Before the First World War, the world's film industry was dominated by two French companies, Pathe and Gaumont. By 1913, Gaumont had offices all over the world and exported a range of films, from newsreels to the highly popular "serial films" such as Louis Feuillade's Fantomas (1913) which remains, to this day, remarkably spectral in its urban mystery. The war didn't destroy France's industry so much as give American companies the opportunity to move in on territories neglected by France because of its war commitments. When the French got back to the business of film exporting, they found that the field had been sewn up by Hollywood. It was by turning its attentions to the domestic audience and to the consolidation of distribution, as well as through the intervention of the state, that Gaumont survived. The 30-plus films in the season represent one account of French cinema - but with a singularly alternative history provided in the UK premiere screening of Jean-Luc Godard's video magnum opus, Histoire(s) du cinema.

The Gaumont roster is instructive, combining solid auteur appeal with a commitment to the popular, a combination that has always been characteristic of French cinema. Of the auteur works, there are French classics in Bresson's Un condamne a mort s'est echappe (1956), works by Vigo, Rohmer and Sacha Guitry and an example of that neglected genre, the French teen-movie, La Boum (1980) - French teen argot for "party" - which stars a 13-year- old Sophie Marceau and was an astonishing popular success. Much of what British audiences see of French cinema rarely includes examples of the stalwart genre of the national box-office: comedy.
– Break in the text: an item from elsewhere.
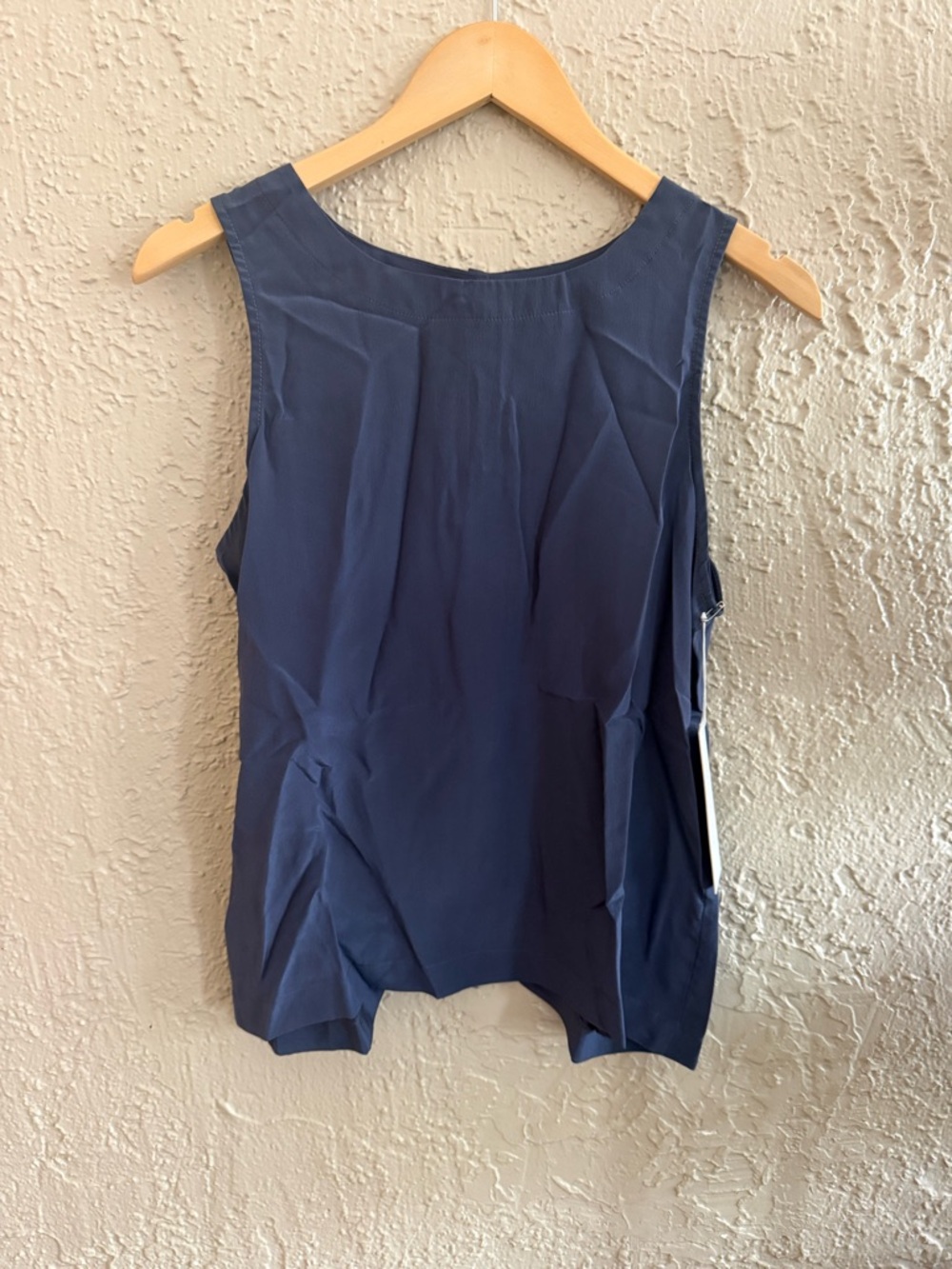 Merritt Charles Allie Tank in Stone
It's presumably for this reason that Gaumont has included the popular comic hits Cousin, Cousine (1975), and the Jean-Paul Belmondo vehicles La chevre (1981) and L'as des as (1982), rather than the broad time-travel romp Les Visiteurs (1993) which notched up 14 million spectators in France but bombed on its British release. The inclusion of one of the great classics of world cinema, Jean Vigo's L'Atalante (1934), indicates to what extent the selection of films is a kind of corporate canon, the Gaumont Top 30, as it were. Vigo's film beguiles now partly for its modern combination of realism and dream-like lyricism, partly also because of Vigo's own myth; he died, shortly after completing L'Atalante, at the age of 29. The film had been recut to placate theatre owners fearful that the audience would not be able to cope with its aesthetic newness. It was only in 1990, when Gaumont reassembled a version of the film that came close to Vigo's original cut, that this film maudit was restored and one could see in it an approach to film-making that was to have a crucial impact on the French nouvelle vague.
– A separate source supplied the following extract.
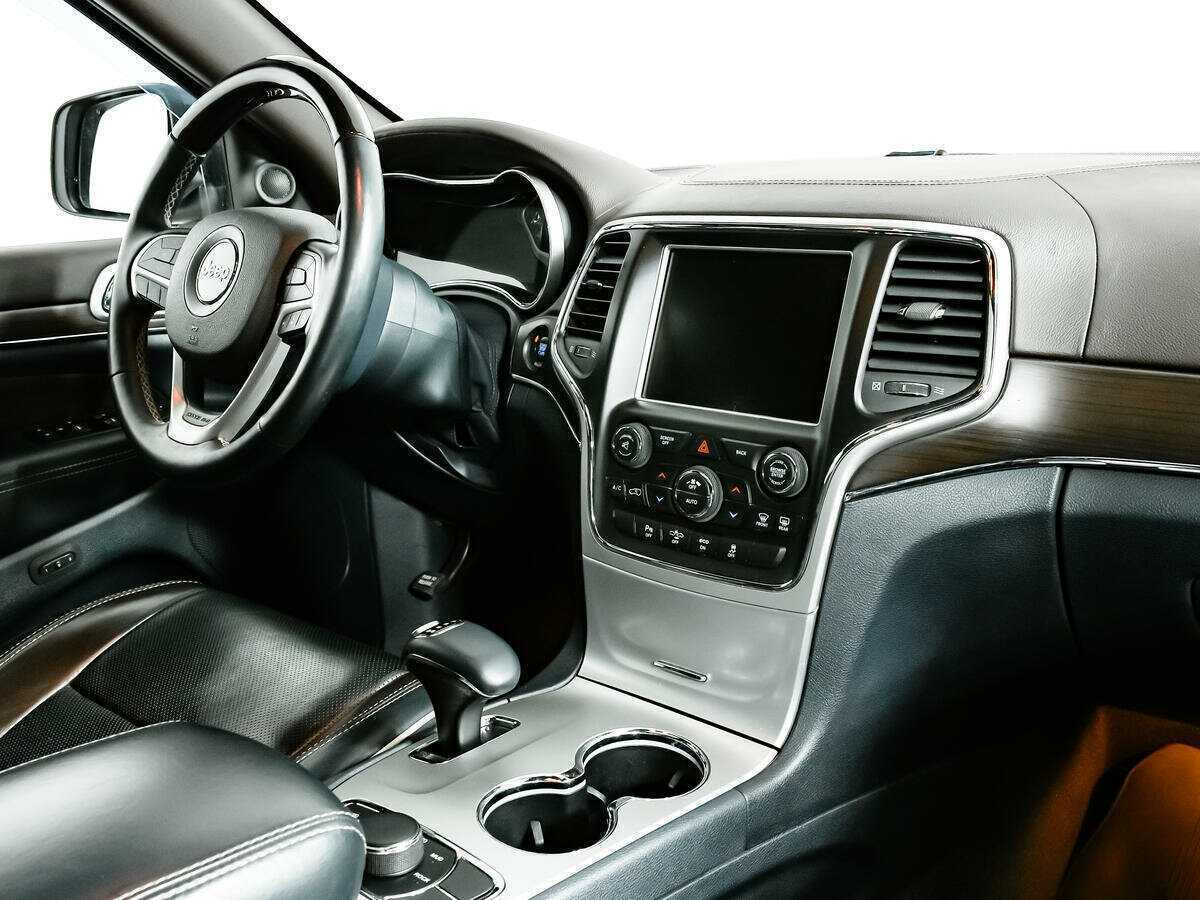 Купить Jeep Grand Cherokee, 2014, 116 000 км.. Фото: #7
During its pre-WWI heyday, Gaumont operated as a fully-fledged, vertically- integrated film studio, with actors and directors under contract, its own production studios and distribution and exhibition outlets. Film-makers like Alice Guy, the world's first female director, Louis Feuillade and the animator Emile Cohl, whose Fantasmagorie (1908) was cinema's first animated cartoon, found they had a certain creative liberty that came from Gaumont's concentration on developing new cinema technology and theatres. As an exhibitor, Gaumont remains committed to a certain monumentalism; in 1911, the company opened what was then the world's largest cinema, the Gaumont-Palace in the Place Clichy, which seated 3,400 spectators. Eighty-one years later, in 1992, Gaumont opened the Grand Ecran (Giant Screen) on the Place d'Italie in Paris and are currently developing a brace of multiplex screens throughout France. In keeping with this "bigger is better" philosophy, Gaumont have moved into the international arena with Luc Besson's Leon (1994) and The Fifth Element (1996). It's interesting to consider how Besson, one of the key "cinema du look" directors, has moved so effortlessly into the big-budget, special-effects driven territory of sci-fi actioners - how the Eighties face of French art-movies has become part of the cinematic establishment.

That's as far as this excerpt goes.